Well, the obvious question is: why don't we hold lock_memory_hotplug()
for all of steps 1-4?  Please send the reasons for this in a form which
I can paste into the changelog.

In the changelog form:

Offlining a memory block and removing a memory device can be two
different operations. Users can just offline some memory blocks
without removing the memory device. For this purpose, the kernel has
held lock_memory_hotplug() in __offline_pages().
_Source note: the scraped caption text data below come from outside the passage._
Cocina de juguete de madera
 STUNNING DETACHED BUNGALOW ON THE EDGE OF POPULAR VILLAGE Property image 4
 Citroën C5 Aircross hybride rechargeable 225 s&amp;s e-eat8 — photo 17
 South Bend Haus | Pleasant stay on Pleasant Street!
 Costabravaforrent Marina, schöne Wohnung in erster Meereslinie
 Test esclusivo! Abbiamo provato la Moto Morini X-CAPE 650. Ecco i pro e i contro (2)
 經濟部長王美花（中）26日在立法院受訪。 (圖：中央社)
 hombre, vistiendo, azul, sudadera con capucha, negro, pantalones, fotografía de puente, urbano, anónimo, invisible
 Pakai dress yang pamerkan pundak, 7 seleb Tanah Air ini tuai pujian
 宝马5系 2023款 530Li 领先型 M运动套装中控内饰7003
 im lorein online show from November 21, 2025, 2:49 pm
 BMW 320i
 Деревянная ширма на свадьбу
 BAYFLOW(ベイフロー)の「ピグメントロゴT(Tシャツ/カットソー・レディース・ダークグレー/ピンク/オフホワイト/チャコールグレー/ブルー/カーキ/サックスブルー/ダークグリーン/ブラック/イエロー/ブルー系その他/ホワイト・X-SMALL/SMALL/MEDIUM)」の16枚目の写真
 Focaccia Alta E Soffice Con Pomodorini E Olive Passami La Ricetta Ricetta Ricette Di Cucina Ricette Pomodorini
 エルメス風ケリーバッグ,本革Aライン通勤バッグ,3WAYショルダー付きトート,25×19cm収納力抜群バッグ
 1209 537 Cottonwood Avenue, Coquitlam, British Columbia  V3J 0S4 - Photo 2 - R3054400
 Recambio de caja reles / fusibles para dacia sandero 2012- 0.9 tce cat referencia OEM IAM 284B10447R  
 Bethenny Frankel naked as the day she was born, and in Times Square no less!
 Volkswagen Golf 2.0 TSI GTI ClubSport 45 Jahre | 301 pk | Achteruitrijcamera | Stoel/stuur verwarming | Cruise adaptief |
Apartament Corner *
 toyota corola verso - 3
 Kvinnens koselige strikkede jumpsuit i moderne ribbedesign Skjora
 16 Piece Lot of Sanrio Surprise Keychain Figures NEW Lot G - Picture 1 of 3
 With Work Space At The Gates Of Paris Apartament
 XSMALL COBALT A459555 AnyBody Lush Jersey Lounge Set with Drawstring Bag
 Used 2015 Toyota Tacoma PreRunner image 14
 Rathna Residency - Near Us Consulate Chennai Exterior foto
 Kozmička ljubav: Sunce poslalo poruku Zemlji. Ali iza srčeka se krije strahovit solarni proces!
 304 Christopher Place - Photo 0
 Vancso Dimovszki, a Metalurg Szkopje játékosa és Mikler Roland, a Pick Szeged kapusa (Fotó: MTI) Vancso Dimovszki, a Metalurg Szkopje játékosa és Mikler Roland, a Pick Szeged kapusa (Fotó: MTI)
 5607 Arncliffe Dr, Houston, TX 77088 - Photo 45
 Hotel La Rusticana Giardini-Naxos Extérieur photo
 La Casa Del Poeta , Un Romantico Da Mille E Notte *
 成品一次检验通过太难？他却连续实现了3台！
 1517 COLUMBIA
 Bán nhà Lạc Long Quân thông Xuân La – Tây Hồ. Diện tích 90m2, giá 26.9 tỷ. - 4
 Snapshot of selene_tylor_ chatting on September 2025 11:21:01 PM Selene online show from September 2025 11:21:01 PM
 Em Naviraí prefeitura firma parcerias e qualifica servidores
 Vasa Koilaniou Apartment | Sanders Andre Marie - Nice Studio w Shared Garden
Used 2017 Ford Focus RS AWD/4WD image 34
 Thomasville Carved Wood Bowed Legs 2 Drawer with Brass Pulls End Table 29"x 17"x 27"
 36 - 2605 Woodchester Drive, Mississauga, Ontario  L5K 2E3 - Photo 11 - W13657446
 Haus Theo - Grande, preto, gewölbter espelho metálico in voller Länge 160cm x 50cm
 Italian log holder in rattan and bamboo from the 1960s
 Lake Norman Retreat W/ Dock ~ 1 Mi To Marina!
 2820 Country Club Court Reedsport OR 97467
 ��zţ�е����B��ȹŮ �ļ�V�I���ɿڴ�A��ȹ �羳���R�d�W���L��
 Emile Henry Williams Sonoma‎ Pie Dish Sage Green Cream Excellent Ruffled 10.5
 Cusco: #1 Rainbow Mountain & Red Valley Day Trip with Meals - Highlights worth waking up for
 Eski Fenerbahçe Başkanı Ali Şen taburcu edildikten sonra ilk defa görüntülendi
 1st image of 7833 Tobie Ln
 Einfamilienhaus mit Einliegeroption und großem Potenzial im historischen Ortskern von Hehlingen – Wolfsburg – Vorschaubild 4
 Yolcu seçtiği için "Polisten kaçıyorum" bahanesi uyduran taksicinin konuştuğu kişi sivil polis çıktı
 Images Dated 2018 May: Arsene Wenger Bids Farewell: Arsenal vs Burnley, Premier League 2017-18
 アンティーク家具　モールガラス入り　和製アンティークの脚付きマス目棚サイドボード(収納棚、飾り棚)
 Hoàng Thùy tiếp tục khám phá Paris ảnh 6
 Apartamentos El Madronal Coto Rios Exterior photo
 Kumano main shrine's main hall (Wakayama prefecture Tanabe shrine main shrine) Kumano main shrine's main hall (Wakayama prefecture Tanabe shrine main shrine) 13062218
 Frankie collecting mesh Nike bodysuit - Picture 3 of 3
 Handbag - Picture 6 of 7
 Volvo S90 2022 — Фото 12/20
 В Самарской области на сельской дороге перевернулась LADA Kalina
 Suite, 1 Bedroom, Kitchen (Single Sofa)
To reuse the code
for memory hot-remove, we repeat step 1-3 to offline all the memory
blocks, repeatedly lock and unlock memory hotplug, but not hold the
memory hotplug lock in the whole operation.

Actually, I wonder if doing this would fix a race in the current
remove_memory() repeat: loop.  That code does a
find_memory_block_hinted() followed by offline_memory_block(), but
afaict find_memory_block_hinted() only does a get_device().  Is the
get_device() sufficiently strong to prevent problems if another thread
concurrently offlines or otherwise alters this memory_block's state?

I think we already have memory_block->state_mutex to protect the
concurrently changing of memory_block's state.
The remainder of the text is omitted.